A oggi, le aziende, le partite iva, i commercianti, i cassintegrati e il mondo produttivo che è stato chiuso non ha ancora avuto un soldo, mentre l’apparato pubblico è stipendiato regolarmente, a chi tanto e a chi niente, uno Stato serio non divarica la società. non crea disparità tra chi è garantito per definizione e chi è costretto a chiudere per il bene della nazione. Se la cassa pubblica funziona è perché il privato col lavoro e col rischio dell’impresa la sostiene, non è giusto che a soffrire sia solo quel settore, dove sta scritto nella costituzione? e soprattutto nel buon senso di chi dovrebbe programmare la ripresa indirizzando bene la capacità di spesa.

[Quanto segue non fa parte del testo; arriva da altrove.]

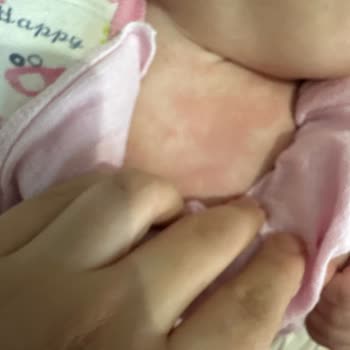 Bebek Yağında Beklenmedik Cilt Reaksiyonu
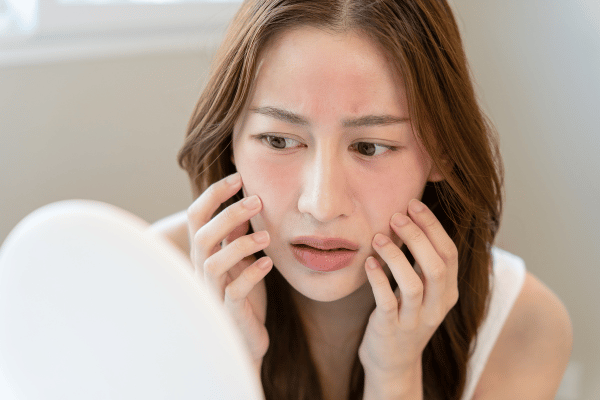 Cháy nắng là vấn đề da thường gặp khi đi du lịch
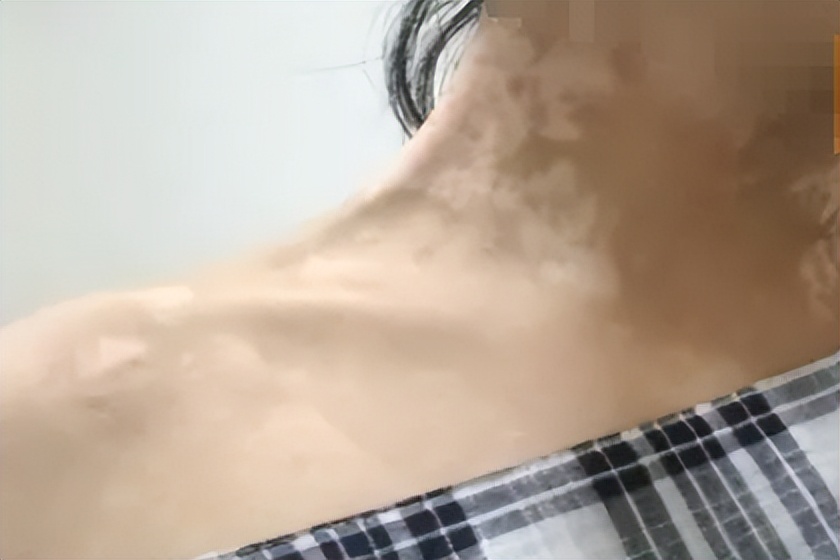 产后为什么会出现白斑？准妈妈哺乳期得了白癜风怎么办？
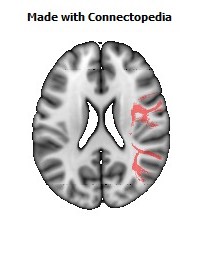 Superior_longitudinal_fasciculus_R086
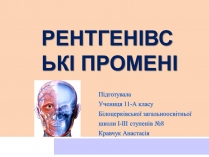 Презентація на тему «Рентгенівські промені»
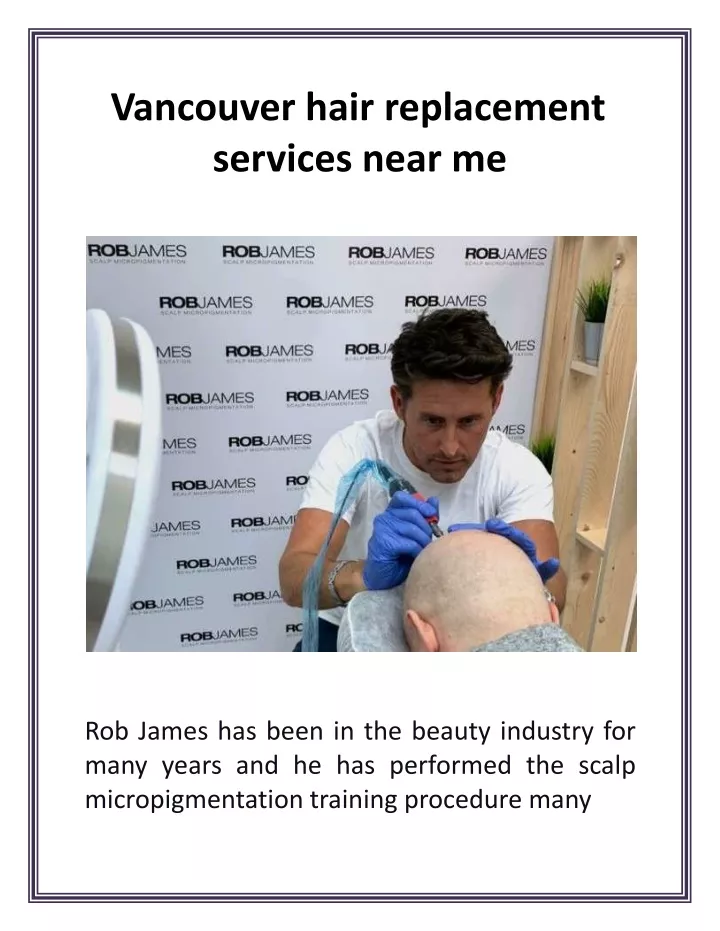 vancouver hair replacement services near me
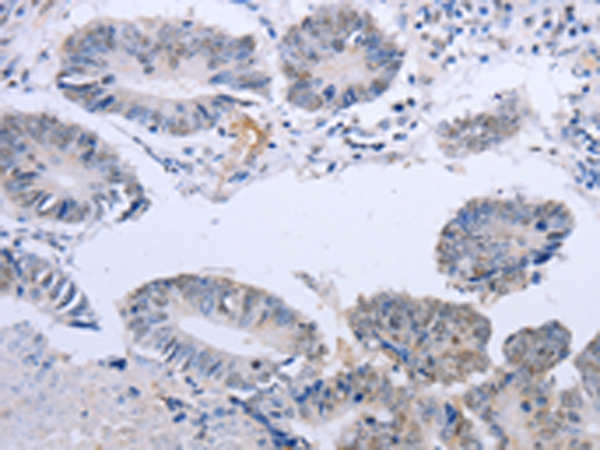 Rabbit Polyclonal Antibody to DOK5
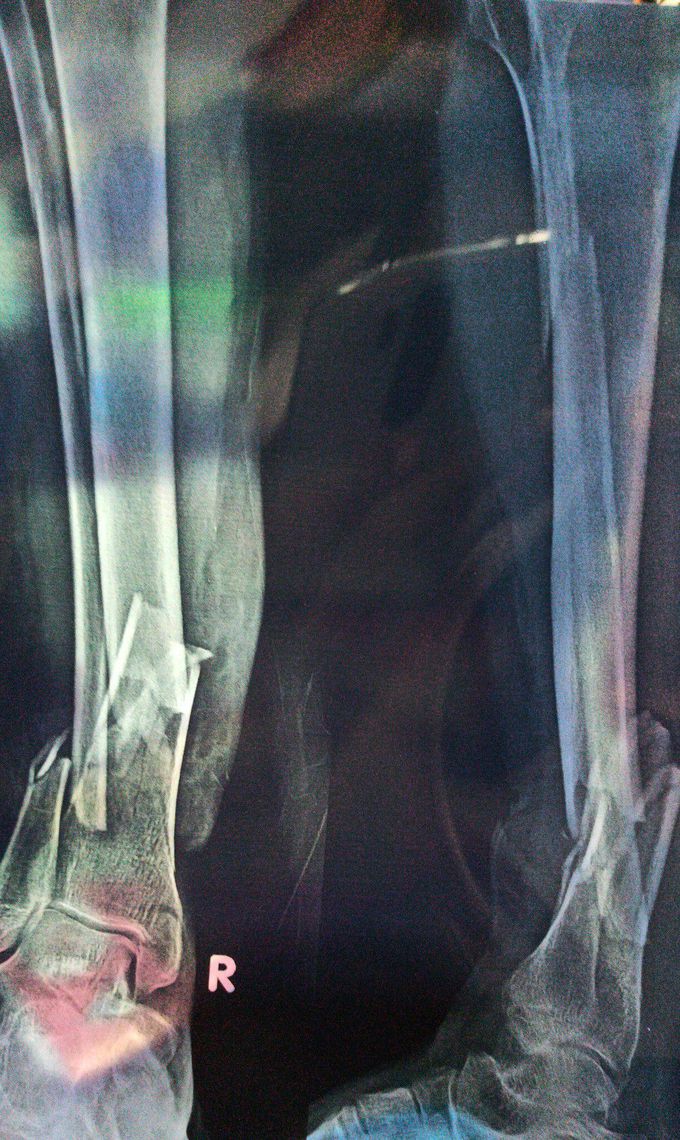 Bone fracture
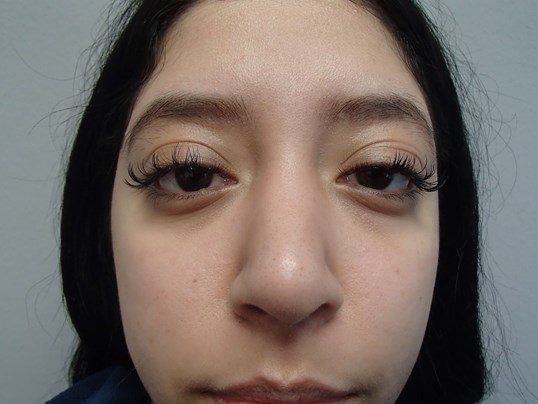 Rhinoplasty (Nose Job) After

Per ripartire evitando il punto di non ritorno, non servono mille opzioni, serve mettere sul tavolo una cifra valutata bene per compensare due mesi di blocco totale nazionale, parliamo tra il 7 e il 10 percento del Pil, da reperire con un prestito sì ma al contrario, una emissione sostenuta dai cittadini, non forzosa e vantaggiosa per l’impiego e per la resa. Serve di dare all’economia reale una parte di soldi a fondo perduto e una di prestito a costo zero sul serio, stornare una fetta di tasse, utilizzare quell’emissione per pagare i debiti della amministrazione, serve un contribuito per tutti e per intero all’occupazione, aprire ad ogni semplificazione per l’intrapresa e una legge che stronchi la burocrazia e favorisca la democrazia economica.

Insomma serve testa, chiarezza, coraggio e rapidità, un progetto di ripresa e ripartenza, serve altro rispetto a questa maggioranza che chiede collaborazione e se ne buggera dell’opposizione, si autocelebra e dimentica gli sbagli che rischiano di trasformarsi in pericolosi abbagli, e oggi si discuterà del Mes.